Charles Soule is a New York based comics writer and musician. He is best known in comics as the creator of Strongman, 27, Letter 44 and Strange Attractors. He currently writes Superman/Wonder Woman, Swamp Thing and Red Lanterns and for DC comics and Thunderbolts and She-Hulk for Marvel.
What made you decide to work in the medium of comics?
Much like many (even most) comics creators, I’ve loved the medium since I was very young. Some of the first stories I ever read were comics. I’ve always loved writing, and commenced the idea of doing it as a career by writing a few novels. That was a phenomenal experience, and gave me a great deal of discipline as a writer, but it was also a bit solitary and frustrating. When those novels did not immediately catapult me into the upper echelons of the literary world, I turned to comics because of the shorter turnaround time and collaborative aspects. I began with a few shorts, and then as I gained confidence and understanding, longer works.

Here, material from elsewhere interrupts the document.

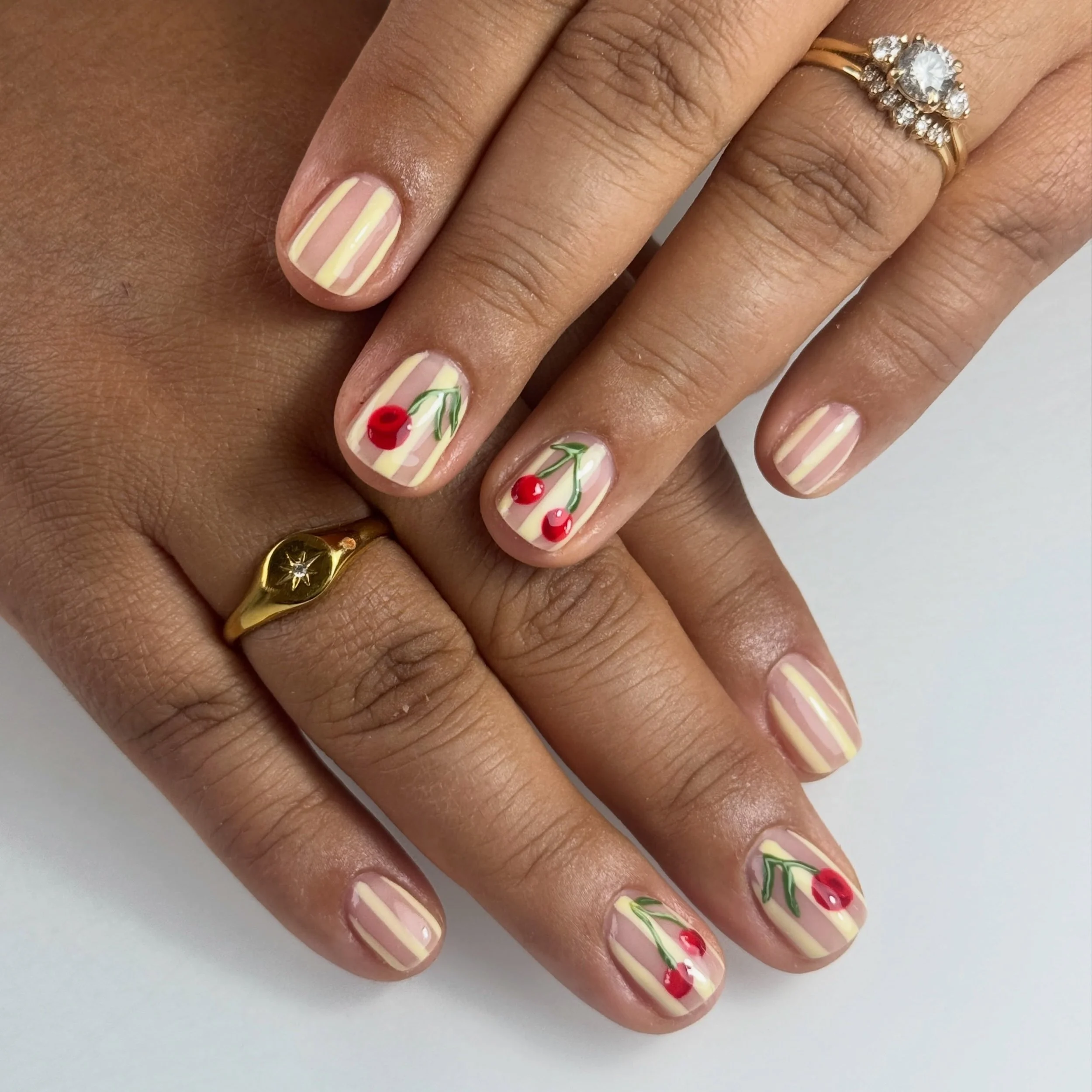 Stripes and cherries 🍒
By Amy

#nails #nailinspo #biab #nailart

My first publication deal happened in late 2007, and it’s been onwards and (hopefully) upwards from there.
What part of the process is the most challenging or frustrating to you?
I’m having a hard time answering this one, because for the most part, I have truly enjoyed almost all aspects of the comics-creation process. I suppose I don’t like it when writer and artist are totally out of sync, or can’t come together to discuss or compromise. That doesn’t happen very often, but it’s always a drag when it does. Part of the joy of making comics is kicking an idea back and forth between the various creators involved to make something better than any of them could have done alone (again, hopefully). If you can’t get there, then a lot of the point is lost, to my mind. No one’s idea is so perfect that it can’t be improved.
If you could give one piece of advice to an aspiring comics creator, what would that be?
I have two pieces of advice – first, never stop working on your craft – write, draw, color, letter even if you know what you’re working on at that moment will never see the light of day. It’s all valuable – you can’t ever overhone your skills. And second, don’t rush things. You don’t get to write Batman (or whatever your top tier goal may be) right away. Don’t bring your stuff out until it’s ready – and “ready” is very simple to define, to my mind: ready = “at least as good as whatever other stuff is being published for the audience you want to reach.” And again, don’t stop. It’s a long road, but it’s so rewarding.